In essence, this is equivalent to Ludo's suggestion of stopping at
the last tag (if you envision, say, tagging the last processed commit)
_provided that_ you also verify the commit that the tag is pointing to.

My short answer is: practically speaking, it's probably fine, because
you're more than likely trying to defend against an attacker that gains
access to the repo, not a second-preimage attack.

*   *
  *

Long answer (braindump):

When I consider the potential threats, I consider that the integrity of
each blob, tree, commit, etc are fairly well assured by their hashes,
but depend entirely on the security of SHA-1, whose future is
increasingly grim.  SHA-1 does just fine for uniquely identifying
objects---and if it didn't, hashes offending preimages would just be
blacklisted.  But it was never intended for security.

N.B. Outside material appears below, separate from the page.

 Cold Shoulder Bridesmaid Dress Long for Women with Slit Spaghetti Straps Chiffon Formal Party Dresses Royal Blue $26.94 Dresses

The problem is pretty bad: signed commits will ensure the integrity of
the commit itself (the object---as in `git cat-file -p COMMIT`); the
problem is that you don't just have to find a preimage for the hashes
signed in that commit: the tree hash is what really dictates the
content, and that tree hash in turn identifies other trees and blobs:

  $ git cat-file -p 'HEAD^{tree}'
  ...
  100644 blob 9b9481deea8cee4cc61971a752d02c04d5f0654e    configure.ac
  040000 tree f2b4528e1f66f3bbc4742dc4a11bd1283cd475b9    doc
  ...

That blob contains the actual file contents.

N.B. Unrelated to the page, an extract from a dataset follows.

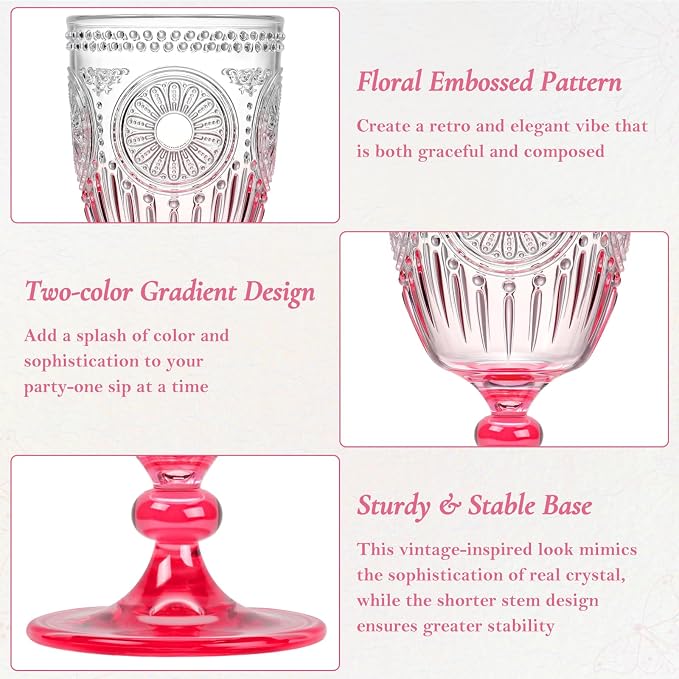 XUWAIDSGN 6Pcs Plastic Vintage Wine Glasses 13.5oz Reusable Embossed Goblet - Image 6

So in a large project like Guix, you have so many opportunities!  You
can try to find preimages for any of the trees or blobs _without having
to worry about any signatures_; neither trees nor blobs are signed.

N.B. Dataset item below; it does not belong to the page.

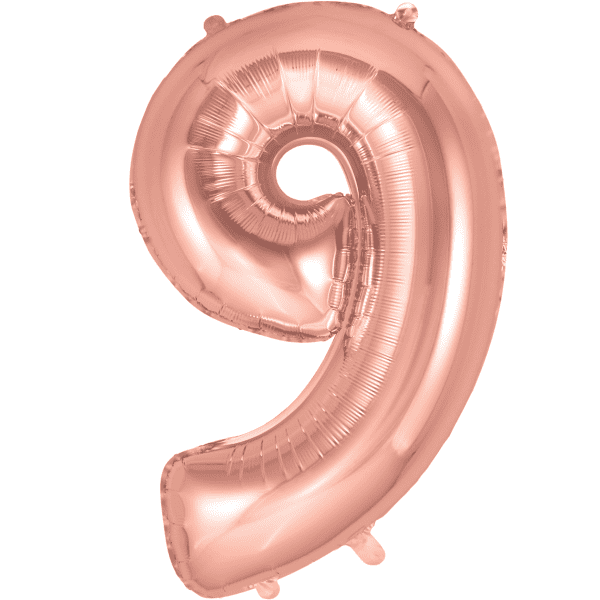 Foil Balloon Number Rose Gold "9"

With that said, if I recall correctly (and after a very brief glance at
fetch-pack.c), a successful preimage attack would only affect users who
haven't already fetched the legitimate object---otherwise Git wouldn't
bother fetching it.  I'm not sure if I find comfort in this or not: it's
been used by some to dismiss the problem of collisions, but (assuming
git is silent about it---and why wouldn't it be, as it wouldn't know
better) that's worse, since maintainers and common contributors wouldn't
notice anything wrong at all.  But someone who clones fresh and compiles
would be screwed.

So signing commits almost certainly protects you against someone who
gains access to the repository on a common origin or a
maintainer/contributor's PC, provided that nobody's private key is
compromised.

But there doesn't seem to be any way to secure a git repository against
a second-preimage attack.

So given that, it doesn't really matter if you re-verify all the commits
or not: an attacker doesn't need to even bother with the commit
object.  I guess one option is to keep a local copy of the repository,
clone a fresh copy, and occasionally diff _every_ object (commit, tag,
tree, blob) for differences.

So if Git wants to take this issue seriously, changes have to be
made.  In the meantime, in addition to commit verification, you can
always keep around a local copy of the repository, always clone a copy,
and ensure that builds between the two are reproducible.